La vediamo rabbrividire a una stazione di servizio mentre fa benzina – metafora nemmeno troppo velata del fatto che il suo serbatoio emotivo è vuoto. In una scena bizzarra, Claire si avvicina a un’auto dove tre bambini litigano e dice loro di trattare meglio la madre “perché un giorno sarà morta”. Simpatico, no?
Il problema è che Claire passa tutto il film a lamentarsi. Si prepara al Natale dal primo gennaio, organizza tutto nei minimi dettagli, ma quello che vuole davvero è essere nominata per un concorso televisivo chiamato “Holiday Moms” condotto dalla presentatrice Zazzy Tims (Eva Longoria, completamente sprecata). Continua a ripetere al marito Nick (Denis Leary) che non le importa granché, mentre manda l’ennesimo messaggio ai figli per ricordarglielo.
Una famiglia disfunzionale poco credibile
Arriva la famiglia: la figlia maggiore Channing (Felicity Jones), scrittrice sposata con Doug (Jason Schwartzman) e con due figli; la figlia di mezzo Taylor (Chloë Grace Moretz), parrucchiera che ogni anno porta a casa una fidanzata diversa (questa volta si chiama DJ Sweatpants); e il figlio minore Sammy (Dominic Sessa), disoccupato appena mollato dalla fidanzata Mae-bell (Maude Apatow).
C’è anche la vicina di casa nemica Jeanne Wang-Wasserman (Joan Chen, bravissima a essere più gelida del Polo Nord) con cui Claire combatte una guerra fatta di aggressività passiva e decorazioni natalizie sempre più esagerate.
Il viaggio improvvisato che non convince
Il conflitto principale è di una banalità disarmante: Claire compra biglietti per uno spettacolo di danza la vigilia di Natale, la famiglia è in ritardo, tutti saltano in macchine diverse e si dimenticano di far salire la mamma. Così Claire parte da sola da Houston e finisce per guidare fino in California, dove si registra il programma di Zazzy.
Durante il viaggio incontra una autista delle consegne (Danielle Brooks) e altri personaggi che dovrebbero farle capire qualcosa sulla vita, ma tutto risulta forzato e poco credibile.

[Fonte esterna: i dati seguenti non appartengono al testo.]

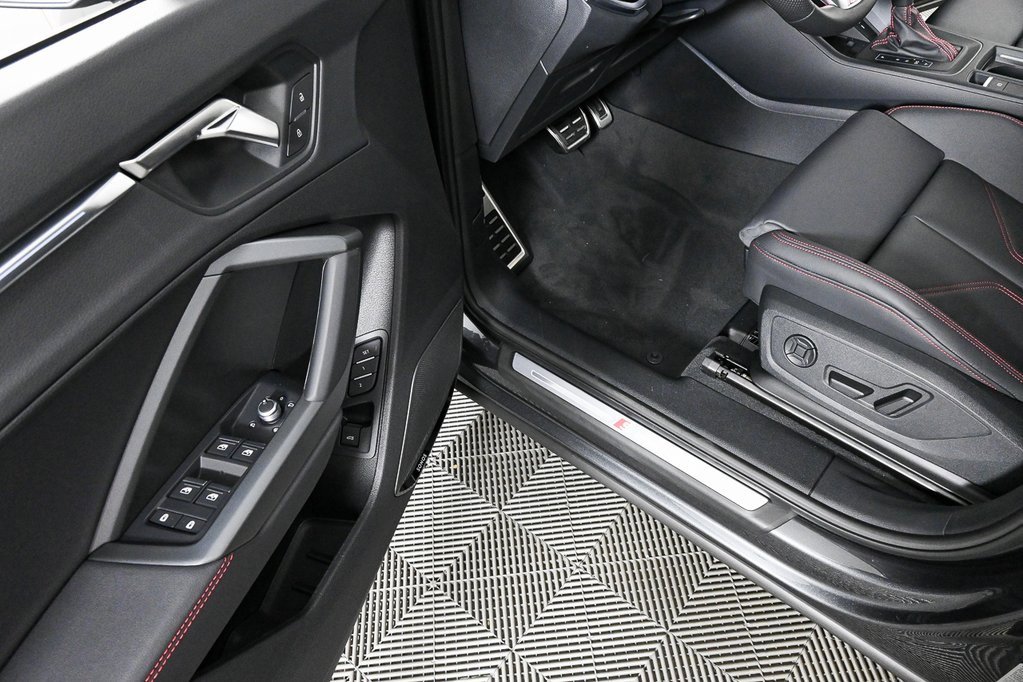 New 2025 Audi Q3 2.0T Premium Plus image 8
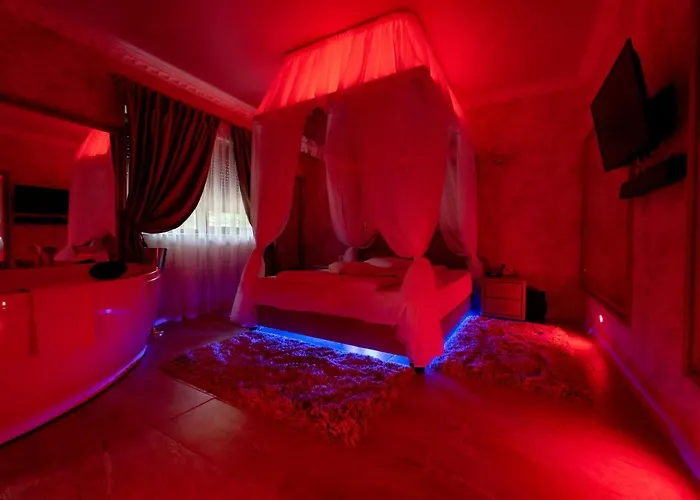 Anadi Boutique Only Adult Готель для побачень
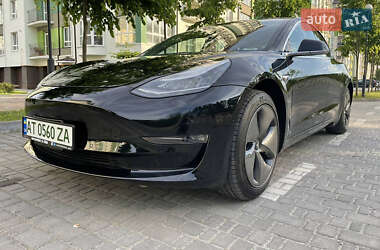 Седан Tesla Model 3 2019 в 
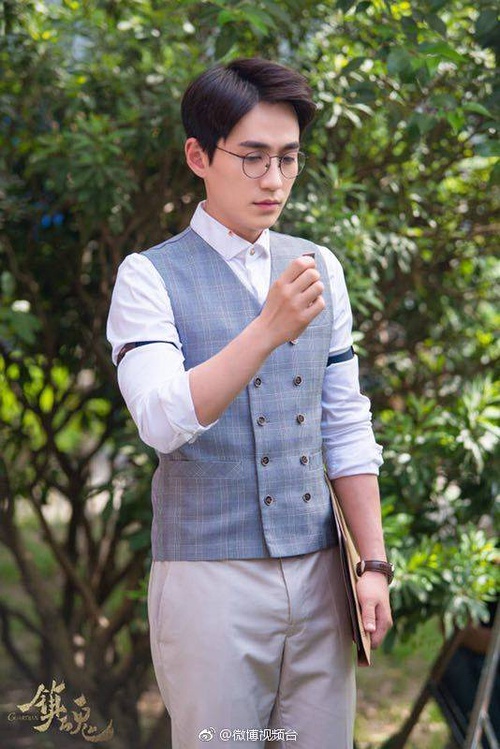 ��һ�����಻�Ϳ�����ȱ������ͷ���С ��һ�����߾���û180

Troppi problemi, zero soluzioni
Il film ha un cast eccellente completamente sprecato. Showalter è un bravo regista, la colonna sonora è gradevole, ma la sceneggiatura è debole e l’umorismo non funziona mai. Le scene con furti nei negozi, gente che si fa le canne e la competizione con i vicini dovrebbero essere divertenti ma cadono nel vuoto.
Verso la fine c’è una svolta brusca dove le donne si lamentano in modo volgare di quanto siano poco apprezzate (con tanto di benedizione di Andy Cohen), ma il messaggio è sbagliato: Claire non viene apprezzata perché non ascolta mai la sua famiglia e non cerca di capire cosa vogliono davvero.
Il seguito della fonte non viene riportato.